A new kind of freedom in Iraq

Every Christmas over the last three years, the team in Erbil tried to create space for the people to celebrate: putting up a modest Christmas lunch, giving gifts, and playing games. But in the midst of this, the most joyful time of the year for Christians was marked by prayers, grieving, questions, and a desperate attempt to keep hoping for the future. Most of the families in the camp had lost someone; a child, a husband, a wife, a parent; sometimes more than one family member. Most of the men were struggling with things they had seen and experienced, whilst a majority of the women were trying to keep their families going at the cost of neglecting themselves.

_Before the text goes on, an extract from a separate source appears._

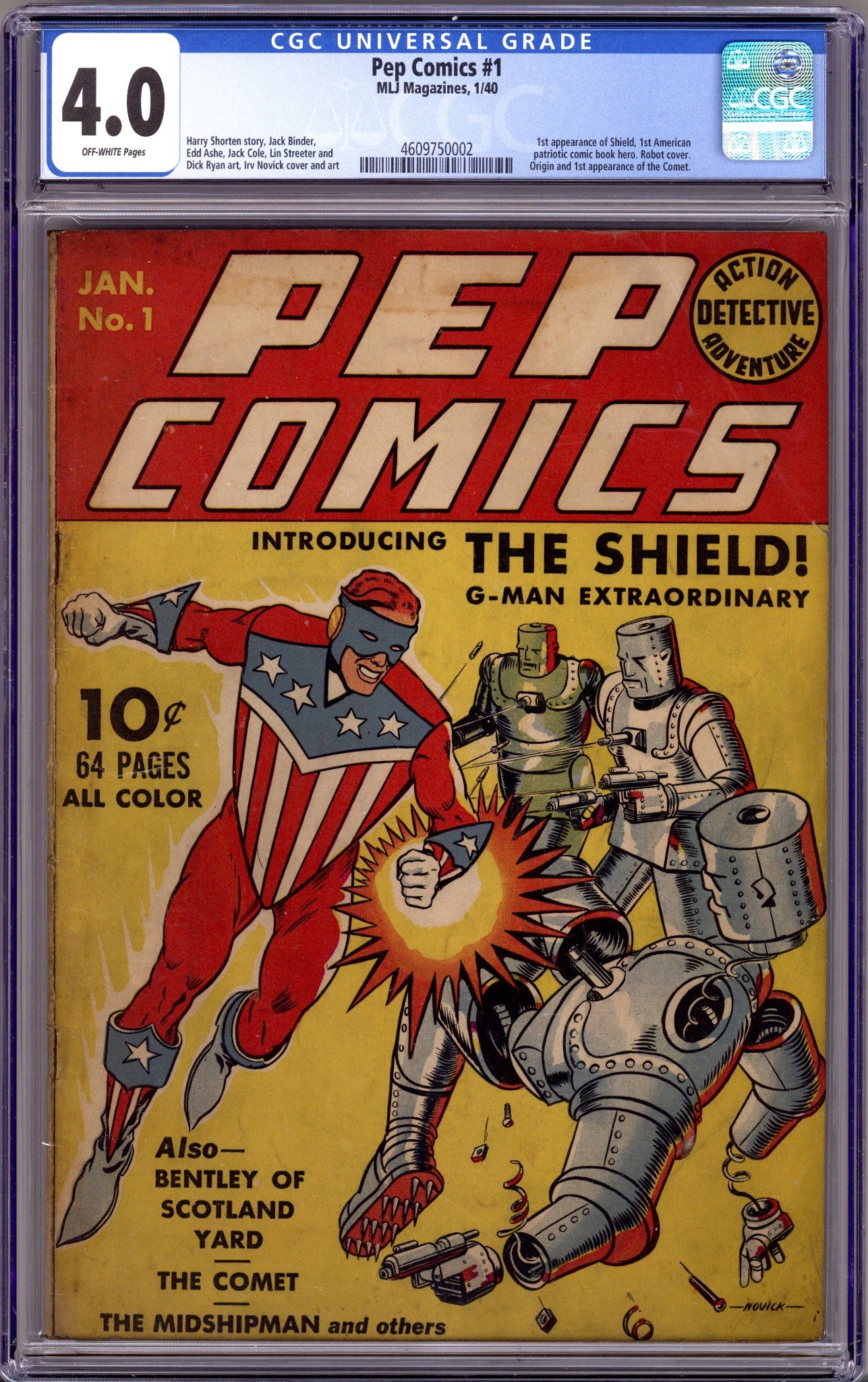Pep Comics Vol 1 1 CGC 4.0 (VG) (1940)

This Christmas, the tall skeleton of the building was empty: after Mosul and its surrounding area was liberated, most of the families returned to their hometowns and villages, and have started the long process of rebuilding.
In light of this, our local team needed to adapt their usual plans! They went to Mosul and the villages around to deliver much-needed food, hygiene and sanitary care packs, children’s toys, clothes, medical supplies, heaters, and other household utilities. They organised the usual Christmas party with the families from the refugee camp and many came. The children were so excited: joyful and loud like our team had never seen before. One father, bringing his children along, shared his experience: “It is good to have the freedom again to celebrate this joyful time of year, and to bring light into places that were turned into prisons and places of torture.” (So-called Islamic State used many churches as prisons during the war, carrying out executions in them.) “What kept me going in the camp was the thought that ‘it will all be okay one day; I only need to return to my home and it will all be okay.’ But now I am here… My home is no more, everything has been destroyed. The memories of my son, killed by a bomb, are unbearable as they are constantly in my head. Even in this, I want to celebrate this Christmas, and I pray that this first Christmas of freedom will last forever.’’

It was so good for our local team to see the joy of so many people celebrating more than just Christmas: choosing to rejoice in freedom instead of grieving, choosing to love one another, and choosing to hope for a better future. For these families, there is a long and hard journey ahead, as many are living in absolute poverty. But this Christmas they chose to celebrate life and a new beginning.